Die Älteren werden sich erinnern: Früher hat man Urlaubsfotos gemacht, um sie später, je nach persönlicher Disziplin, ordentlich beschriftet ins Album zu kleben. Und wenn der 24er-Film – Vielfotografierer nahmen zur Sicherheit einen 36er – voll war, dann war er halt voll.

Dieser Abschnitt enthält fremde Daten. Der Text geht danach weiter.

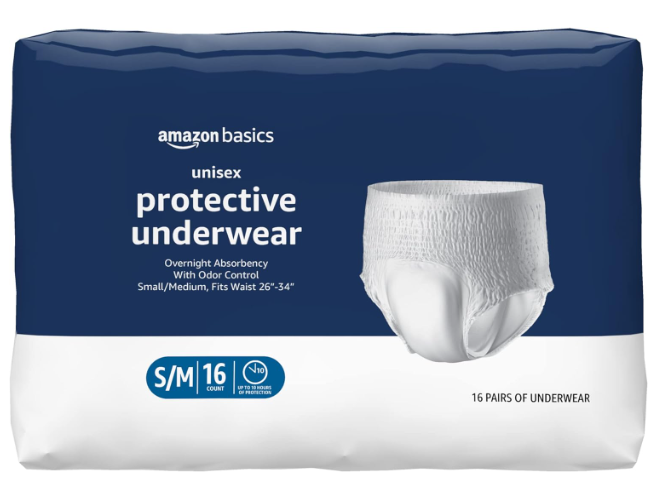 Photo 1 of Amazon Basics Incontinence Underwear for Men and Women, Overnight Absorbency, Small/Medium, 64 Count, White (Previously Solimo) Small/Medium (64 Count)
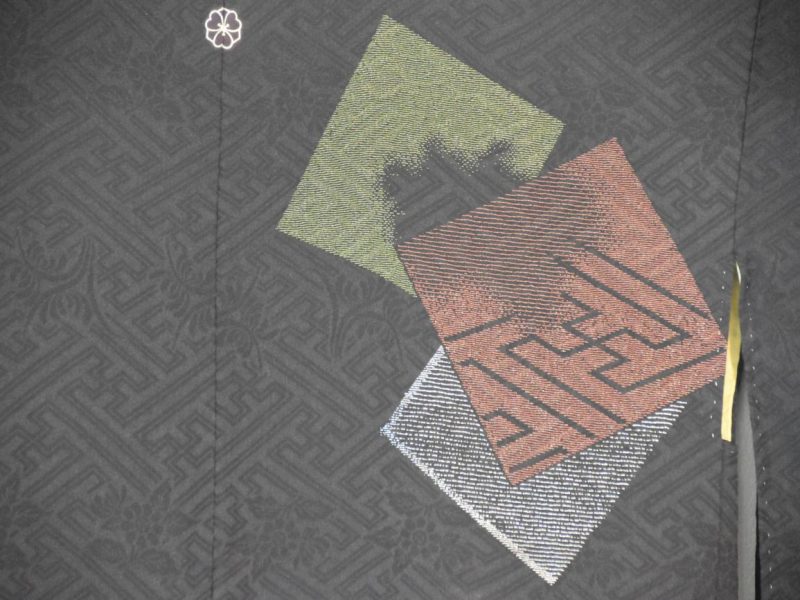 Japanese Vintage Black Silk Jacquard Haori - Image 2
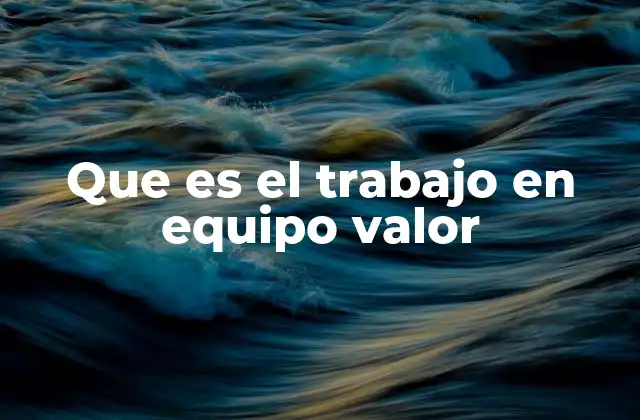 Que es el Trabajo en Equipo Valor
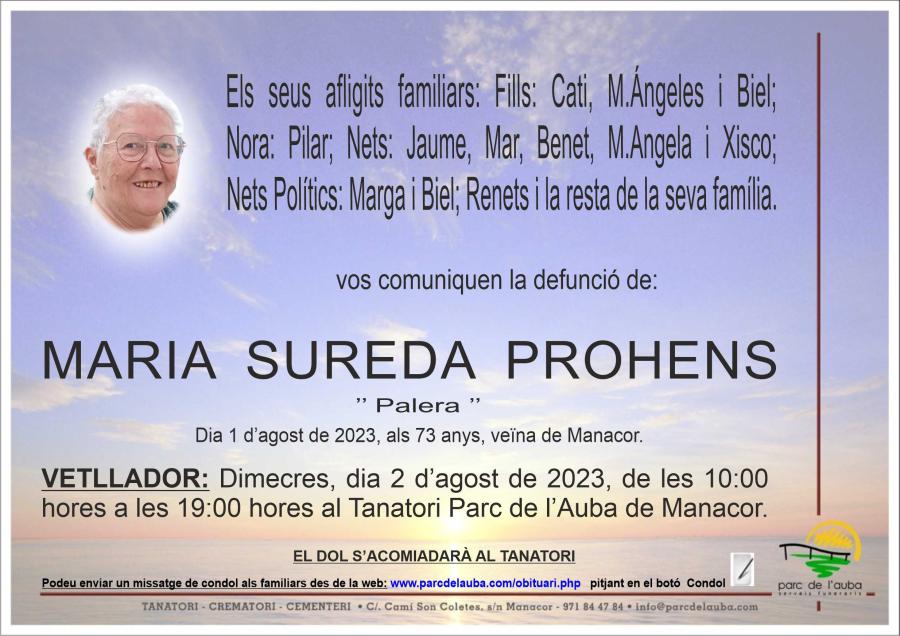 MARIA SUREDA PROHENS
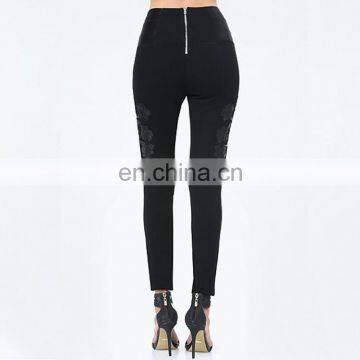 Leggings Manufactuere Custom Black Standout Faux Leather Lace New Mix Clothing Leggings photo-2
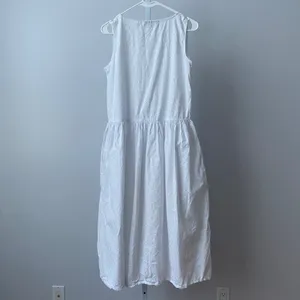 Paris Sport Club Cotton Boho Coastal Prairie Eyelet Button Midi Dress 7 White thumbnail 6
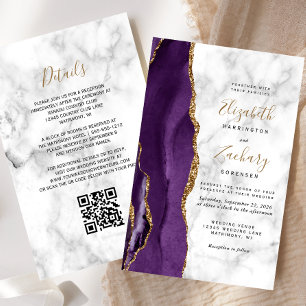 Budget Lila Gold Achat Marmor QR Code Hochzeit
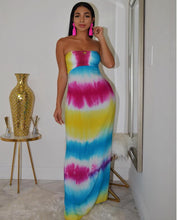 Load image into Gallery viewer, Women Strapless Tie Dye Stripe Print Lace Up Hollow Out Back Maxi Dress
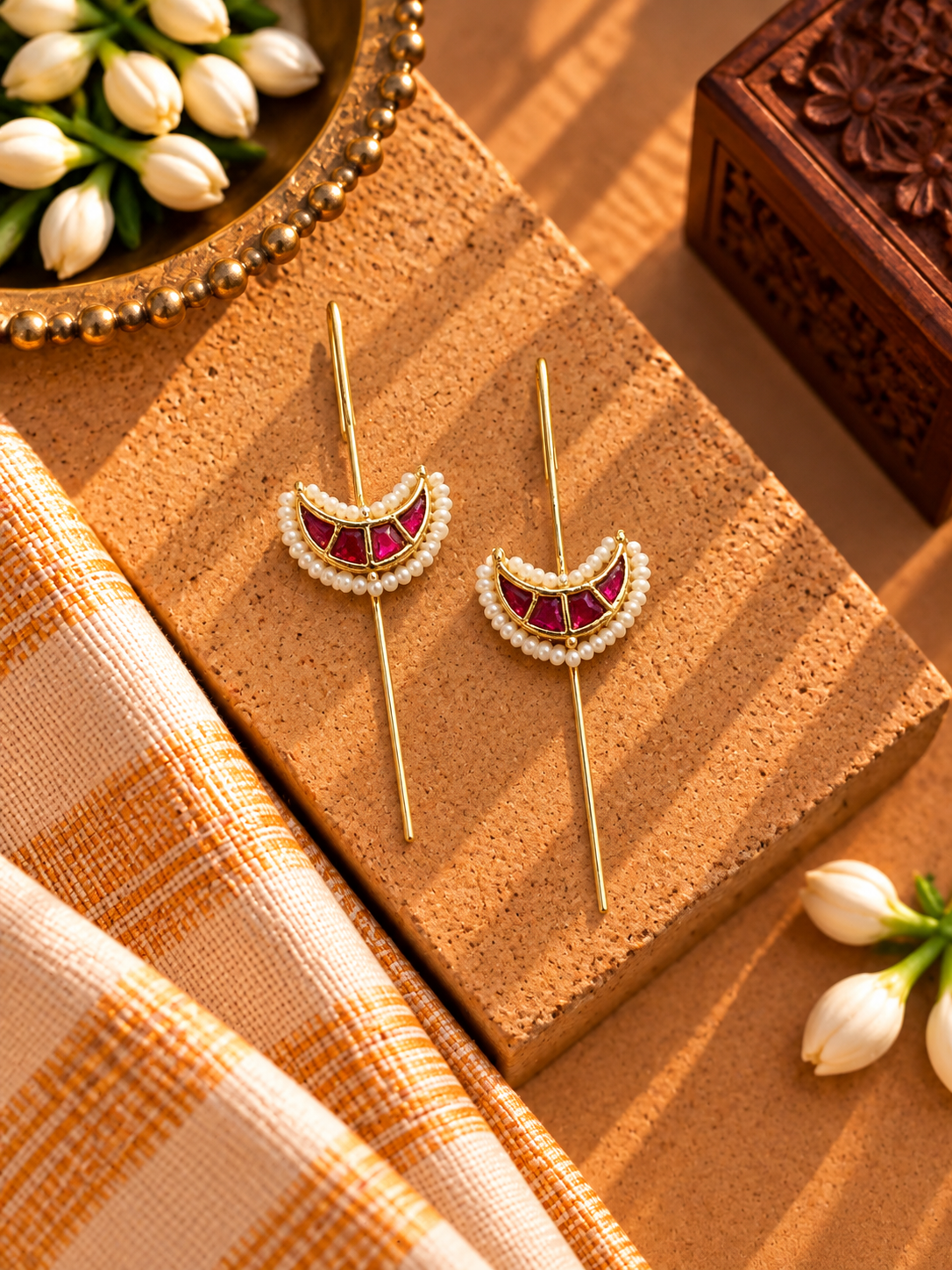Chaand Mahal Pink Pachi Kundan Needle Earcuffs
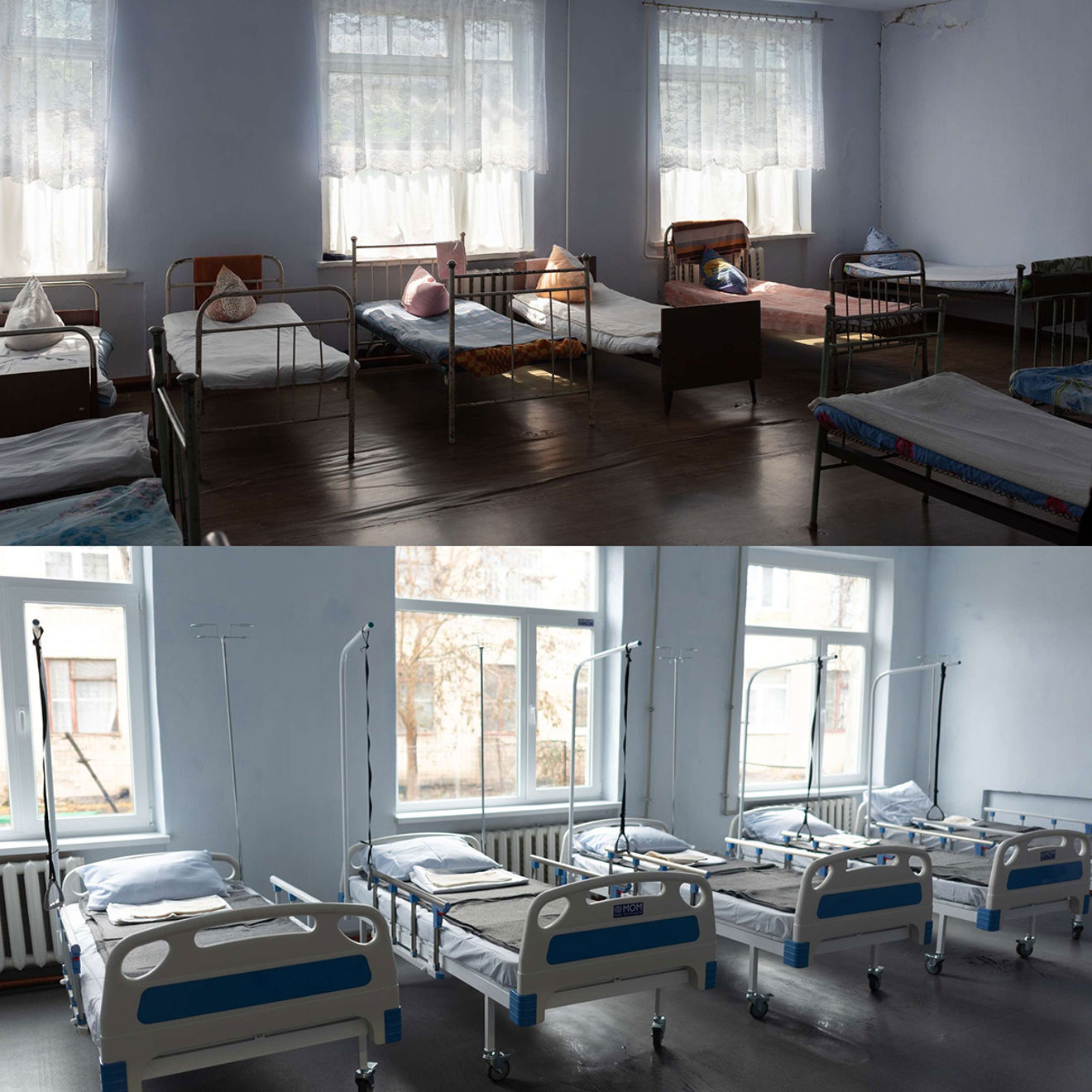 Beds in a hospital
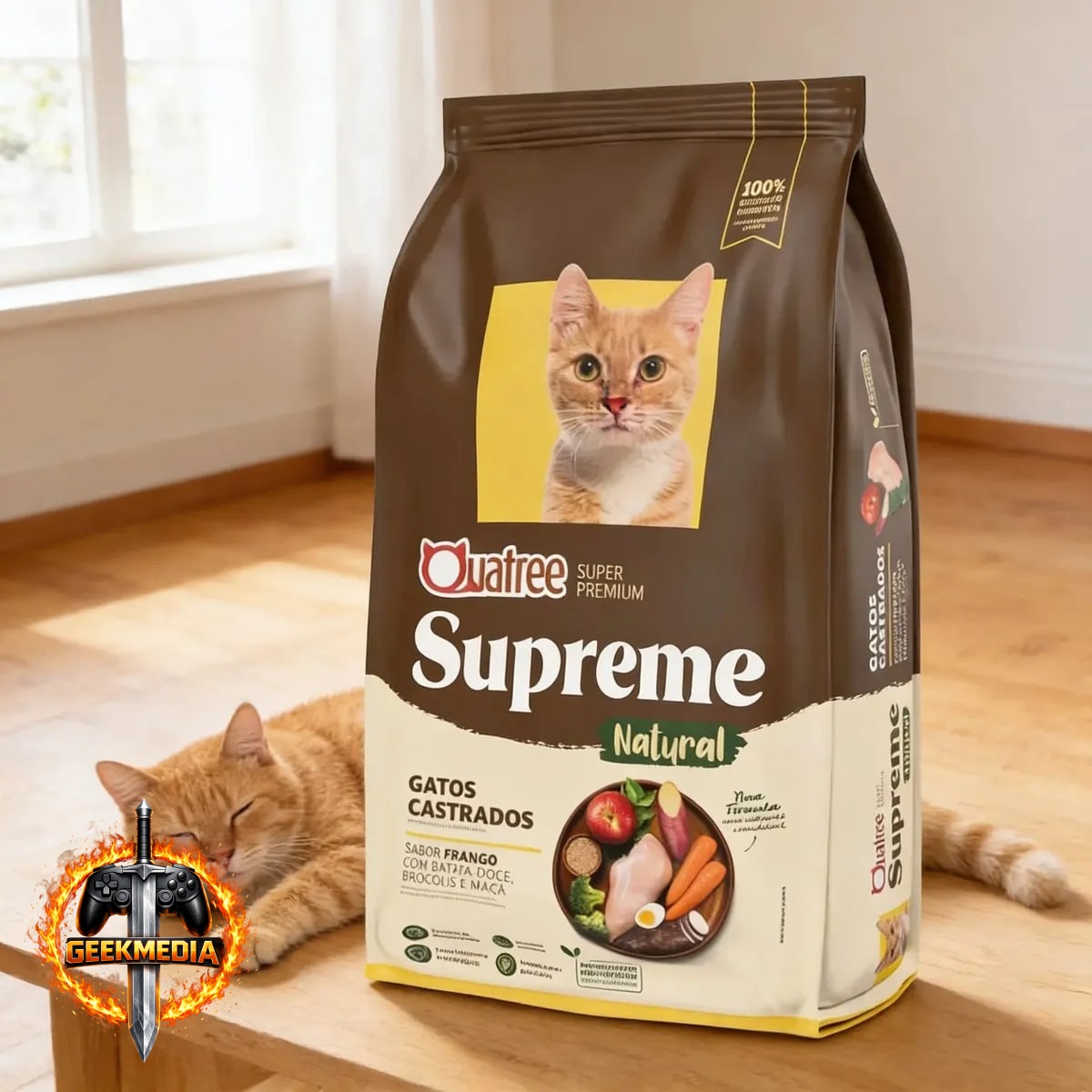 Ração Quatree Supreme Gatos Castrados Frango 10.1kg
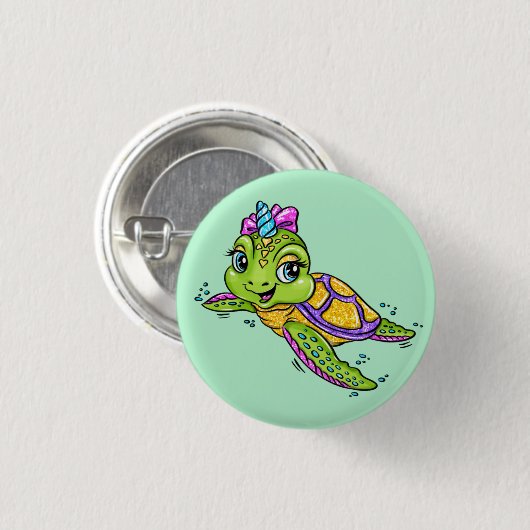 Unicorn Turtle Ronde Button 3,2 Cm (Voorkant /achterkant)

Heute bieten Smartphones schier unendlichen Speicherplatz und so wird also geknipst, bis die Speicherkarte glüht: Ich vor dem Eiffelturm, ich vor dem Brandenburger Tor, ich vor dem Buckingham Palast. Und am Allerwichtigsten: Alles muss sofort ins Netz. Weil: Nur das, was die Facebook-Freunde sehen können, ist ja auch wirklich passiert, oder? Nun könnte ausgerechnet die EU dem Selfie-Wahnsinn – mehr oder weniger aus Versehen – ein Ende machen.
Aber der Reihe nach. In Deutschland darf bislang jeder Fotos von Bauwerken machen und sie frei verwenden – sogar für kommerzielle Produkte wie Kalender oder Postkarten. Panoramafreiheit heißt das auf Juristendeutsch.
Aber nicht alle EU-Staaten sehen die Sache mit dem Urheberrecht so locker. So geht’s ja nicht, dachte sich deshalb ein Europaparlamentarier aus Frankreich. Er heißt Jean-Marie Cavada und fordert nun: Wer Fotos oder Videos von fest installierter Kunst und öffentlichen Gebäuden gewerblich nutzen will, braucht dafür die Erlaubnis der Urheber.
Nun werden Sie wahrscheinlich sagen: Macht ja nichts, mein Facebook-Profil ist ja sowieso privat. Stimmt. Blöd nur, dass Facebook die Schnappschüsse all seiner Nutzer nach Lust und Laune weiterverwerten darf, also auch kommerziell. Das weiß nur kaum jemand, steht nämlich – wie so vieles – im Kleingedruckten.
Müssen all die emsigen Selfie-Knipser künftig also mit Post vom Abmahn-Anwalt rechnen, wenn sie Bilder von Sehenswürdigkeiten ins Netz stellen? Non, non, so hatte Monsieur Cavada das nicht gemeint. Beteuert er zumindest. Er habe nie das Ziel gehabt, Nutzer zur Kasse zu bitten oder ihre Freiheit im Internet einzuschränken. Doch ob er die Geister jetzt noch einfangen kann, die er rief?
Am 9. Juli will das Parlament in Brüssel über seinen Vorschlag abstimmen.